- _Exercise goal_: Please copy only the material from the line that has "a large white" to the very last line, both ends included, exactly as written and without pictures.

- _Dataset extract_:
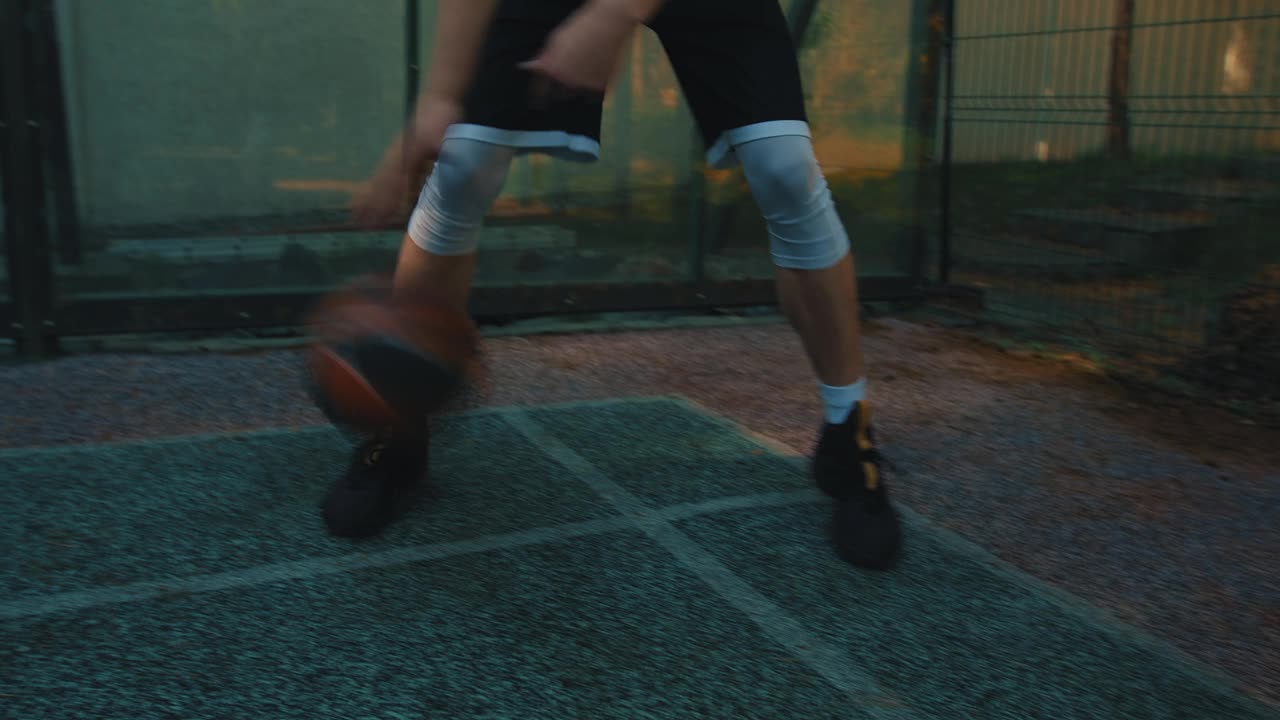 男子篮球运动员在篮球场上训练时，在两腿之间运球，得分视频下载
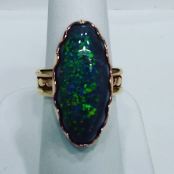 14Kt pink and yellow gold ring set with black opal,circa 1940
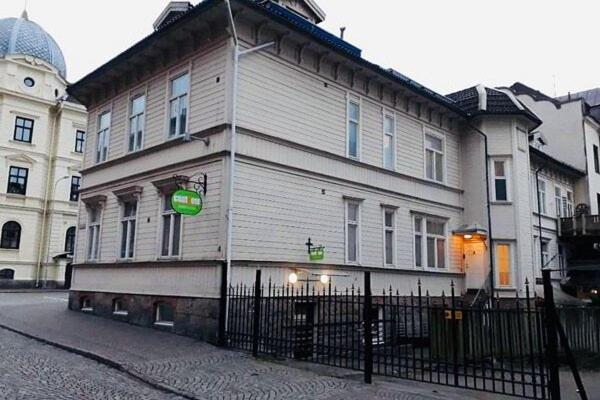 a large white building with a fence in front of it at CentRum turistlogi in Borås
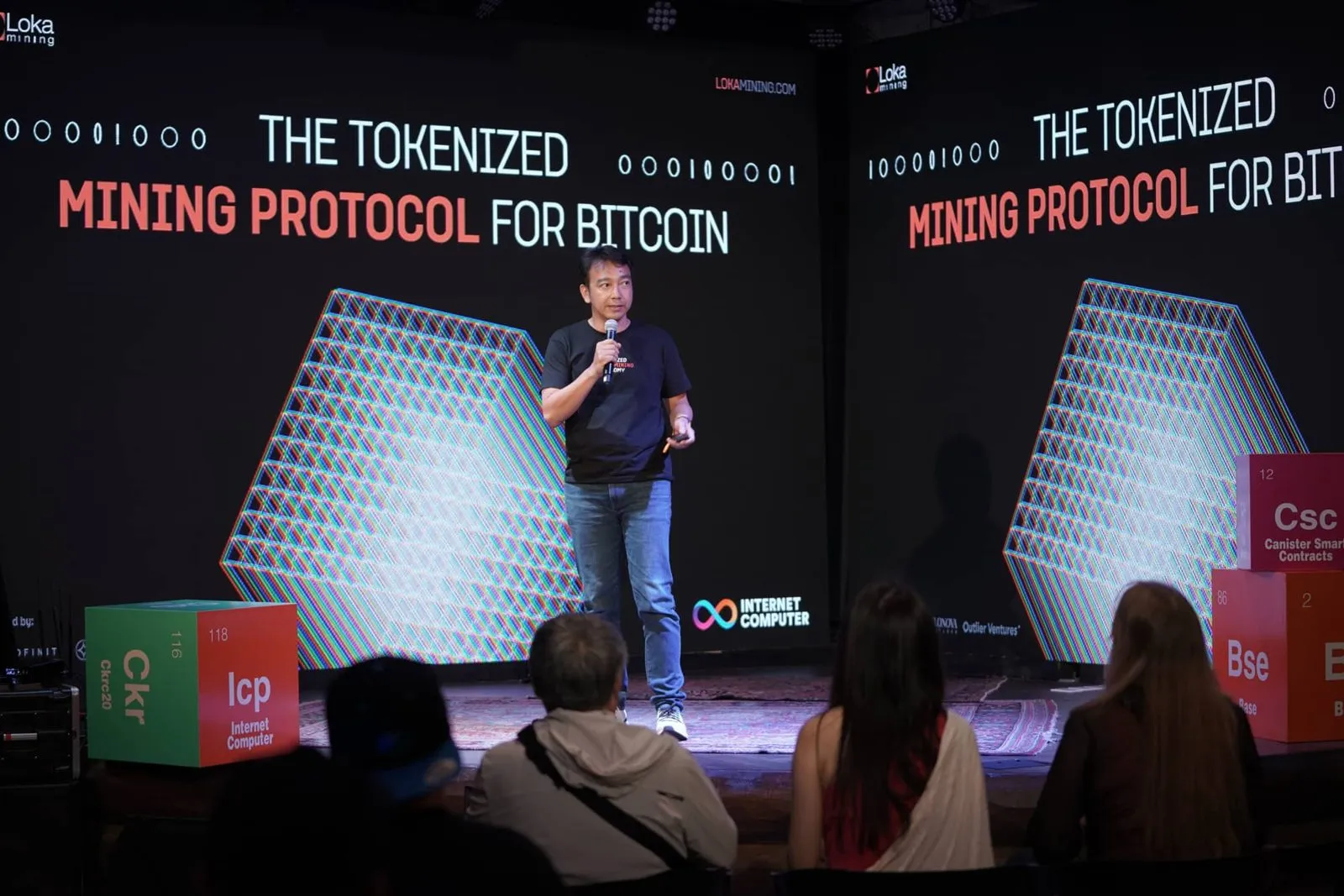 Speaker presenting on a dark conference stage in front of a large projected slide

- _Response below_:
 a large white building with a fence in front of it at CentRum turistlogi in Borås
 Speaker presenting on a dark conference stage in front of a large projected slide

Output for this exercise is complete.